Low completion rates. If someone has to take 10 hours or more to complete a performance review, the likelihood they will do it is pretty low. Especially if they don’t know where the information is going or what’s being done with it. For you, it means spending more time sending reminders and following up with managers, time that could be better invested in other processes that also need your attention.
How can you help change it?
Experiment. Try conducting different types of reviews within certain teams to see what works best. For example you might want to try shorter “take 5” style check-ins, or you could suggest managers conduct monthly 1:1 meetings to gather data more frequently. You might also experiment with 360 feedback or peer reviews to see which add the most value.
Select a cadence. Use best practices, data you collect from your experiments, and ensure you ask people’s opinions on what they would find beneficial. After reviewing the data, pick a rhythm for reviews that works for your organization. Ensure the reasons and expectations are communicated clearly, and that you stick to your new schedule
Consider your options. What will help improve the overall process? Is it clearer communication, automated messages, a shorter amount of questions? Make sure you know what’s preventing you from scaling so you can address it.
Pick the right tool. Once you understand what’s getting in the way, select the right tool to support your change. For example you might consider investing in a platform that supports a culture of feedback while making the process smoother.
Use your data. When you feel you have the right performance management process, make sure you’re using the information you receive. Use the data to support your learning & development programs and define career paths, and communicate how you’re using it.
What should happen next?
When all is said and done, you want the “right” performance management process to provide added value to everyone involved. If you improve it, you should expect to:
Drive higher engagement rates. With a process that demonstrates added value, people will have better clarity on where they stand. Once they are more engaged, they are more likely to show loyalty and invest more in their jobs. It also means they’re more likely to stay in their roles and envision a career path they will want to take charge of.

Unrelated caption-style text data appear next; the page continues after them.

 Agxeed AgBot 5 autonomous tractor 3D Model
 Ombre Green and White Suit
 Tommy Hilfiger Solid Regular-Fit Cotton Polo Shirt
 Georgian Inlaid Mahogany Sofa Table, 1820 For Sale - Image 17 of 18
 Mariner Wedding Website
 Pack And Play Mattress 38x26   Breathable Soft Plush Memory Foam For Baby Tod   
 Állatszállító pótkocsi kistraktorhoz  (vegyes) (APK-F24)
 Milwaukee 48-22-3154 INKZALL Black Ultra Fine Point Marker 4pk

Decrease turnover. According to research by Aberdeen, current retention is under the 2 year mark. But if you’re able to gather relevant data from your performance review process, you’ll be able to stay ahead of the curve and course correct issues to ensure higher satisfaction. With a more engaged workforce, turnover will decrease or stagnate, lowering the impact on costs.
Create and maintain a culture of feedback. The performance review should be looked forward to, if people understand how it contributes to their professional growth. By encouraging them to share feedback more regularly, you can help them get accustomed to both giving and receiving it. Once the culture of feedback has been established, people are more likely to take the annual performance review seriously and complete it.

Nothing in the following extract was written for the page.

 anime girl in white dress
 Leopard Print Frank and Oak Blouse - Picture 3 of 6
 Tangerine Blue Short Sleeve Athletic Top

Increase or maintain levels of productivity. When people no longer have to spend hours on a process that isn’t user friendly, they’ll be more able to maintain their productivity in their other tasks. This means the annual performance review has a lower impact on overall productivity.
Encourage everyone to take ownership. The ultimate goal is for people to feel empowered to take ownership of their professional development. If they understand how the performance review can help, they will be more likely to embrace it. Once they can visualize their career path, they will be more engaged, and you’ve successfully created a virtuous circle. In turn, this will deliver a less time consuming and more seamless process for HR.
The resulting positive impact should be felt by all, not just in terms of a satisfied workforce, but also for the business. We believe that if you grow your people you can grow your business, and finding the right performance review process is part of that.